I am trying to read a line ending in \r\n from a Handle. This is an HTTP header.
I’m fairly new to functional programming, so I tend to use a lot of case expressions and stuff. This makes the code very long and ugly.
handleRequest :: HostName -> Handle -> IO ()
handleRequest host handle = do
requestLine <- readHeaderLine
putStrLn $ requestLine ++ "\n-------------------"
-- FIXME: This code is bad, and its author should feel bad.
where
readHeaderLine = do
readHeaderLine' ""
where
readHeaderLine' s = do
chr <- hGetChar handle
case chr of
'\r' -> do
nextChr <- hGetChar handle
case nextChr of
'\n' -> return s
_ -> readHeaderLine' $ s ++ [chr, nextChr]

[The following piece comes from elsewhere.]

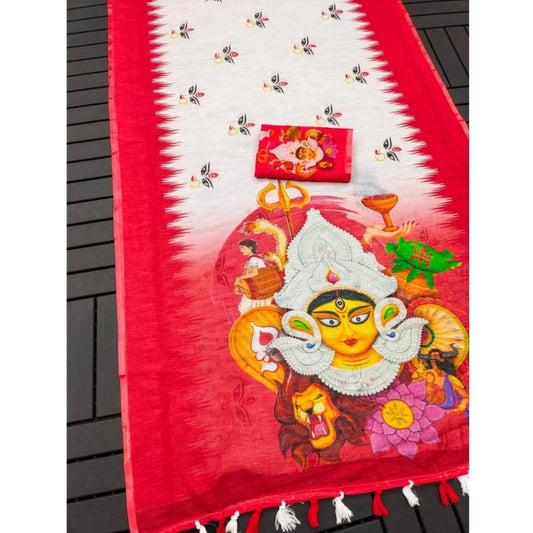 Funky Women's linen Digital Print Saree With Blouse Piece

_ -> readHeaderLine' $ s ++ [chr]
How can I reduce the amount of case expressions in this code? I thought of using Parsec, but that seemed overkill to me for something this trivial, and I don’t know how well it works with Handles.
4 Answers 4
You can use hGetContents to read lazily from a handle, and the split package (which will hopefully be bundled into the next Haskell Platform release) provides some nice ways of dealing with lists.
import Data.List.Split (splitOn)
import System.IO (hGetContents)
... do
...
contentLines <- splitOn "\r\n" <$> hGetContents handle
contentLines will contain a lazy list of the "entire contents" of that handle, split into chunks that were originally separated by \r\n.
Another approach is to use something like the conduit package. See, for example, Data.Conduit.Binary.lines. Keep an eye on conduit & friends; I get the feeling that within the next year or so the Haskell community will start to agree on the "best" implementation of this sort of abstraction, and then some good tutorials will inevitably follow.
Here I assume you just want to see how your current code can be improved without changing the algoritm.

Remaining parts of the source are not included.